Don't get me wrong, still funny, but not as funny when there was a more Robin Hood/Justice aspect to their punishments, (funniest of course is when they do it to each other - like Bugs and Daffy)
I have always hated those fscking things. What a complete waste of time. But, cleverly used, they can be a tool to get rid of a fool. Like this one boss I had.
We wanted to get rid of him so bad, we began to employ some `BOFH` like tactics. When we had encountered employees of one of our competitors in public, we implanted the idea that this boss was the best thing since sliced bread; and that he was the singular reason why our department showed such a dramatic change from the year before.{1} That caused them to report back to their HR department, his name, and we learned that there was some interest in trying to get him to `jump ship`. Oh, goody!
So, when it came time for MY annual review, it was time to strike. This Boss (no, strike that, make it - asshole), who wrote up a scathing review and expected me to sign it. Hell would have to freeze over before I would sign that piece of shit. I picked it up, and quickly fed it into the shredder at the side of his desk. To say he was flabbergasted, was an understatement.
You see, we kind of `leaked it` to the `C` levels that our competitor was interested in poaching him. And the `C` levels wanted to know if he was worth keeping (something we clearly knew that he wasn't). So we were asked to review HIM.
My report of his incompetence was at least 10 pages long, citing very specific decisions he made and the deleterious effect they had on both the company, and employee morale. My colleagues also had turned in similar scathing reviews of his incompetence. In an extremely rare case of `C` level management COMPETENCE, they recognized that he was, indeed, an asshole. As a result of those subordinate reviews, he was promoted to a position with another company, hopefully, one of our competitors; so his `special skills` could be utilized to increase our profit margins, at their expense. Time will tell if that{2} was a brilliant move on our part.
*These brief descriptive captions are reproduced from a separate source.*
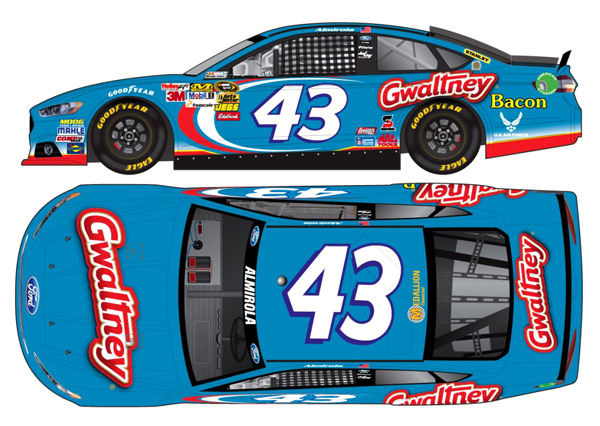 aric almirola diecast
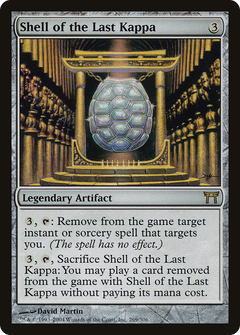 Shell of the Last Kappa [Champions of Kamigawa]-1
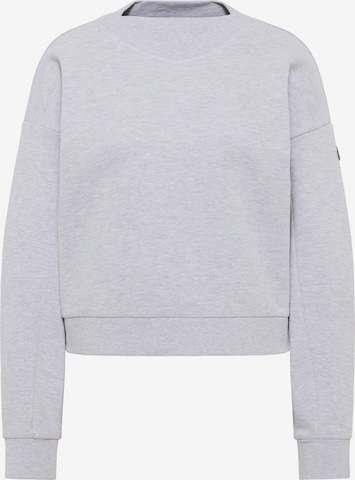 DreiMaster Vintage Sweatshirt in Grey: front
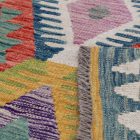 Vlnený kilim koberec Chobi 206x289 ručne tkaný afganský kilim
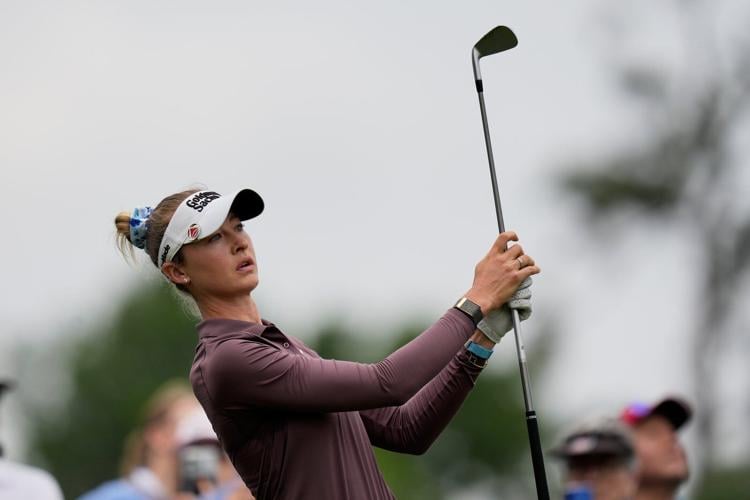 Nelly Korda with another 65 leaves field behind at Chevron Championship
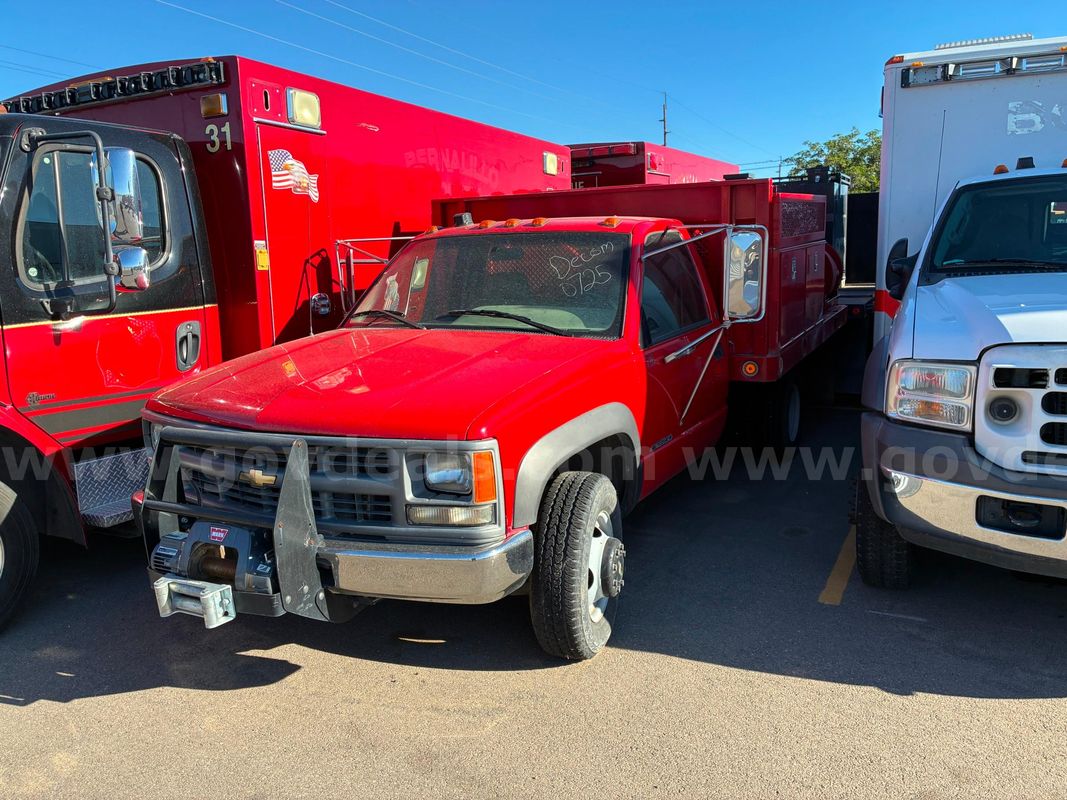 1996 Chevy K3500 1ton Brush Truck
{1} Negatively, of course.
{2} Foisting a fscked up boss on a competitor.
The icon (spawn of Satan) is an accurate representation of that asshole.
Throw a tarpaulin over the lot,
Get a letter from your line manager to authorise disposal with funds, if any, returned to your organisation,
Either sell them on ebay (in lots of 1,5, 10 & 20) or, if nothing else, get them posted on freecycle.
Yes - http://uk.freecycle.org/, where people will come along and put your rubbish to use.
And that's not including local charity shops, re-employment workshops (you know the local council retraining schemes), schools, colleges etc.
ttfn
i had a few monitors at my house from last project like this, and I recently decided to remove all the spare CRT tellys from my house.
at the the end of the day, you cant give a CRT monitor or telly
tried free ads the local paper and freecycle , took a while but they eventually went on freecycle, the telly anyway - the perfect working order IBM 20" monitor had to go tip . ( recycle centre)
There are a number of places where my hobbies intersect aspects of my work. So since my last PP I have to spend a portion of my work time researching into technologies I like to play with at home. Still have to do all the work-work bits, but it makes it worthwhile.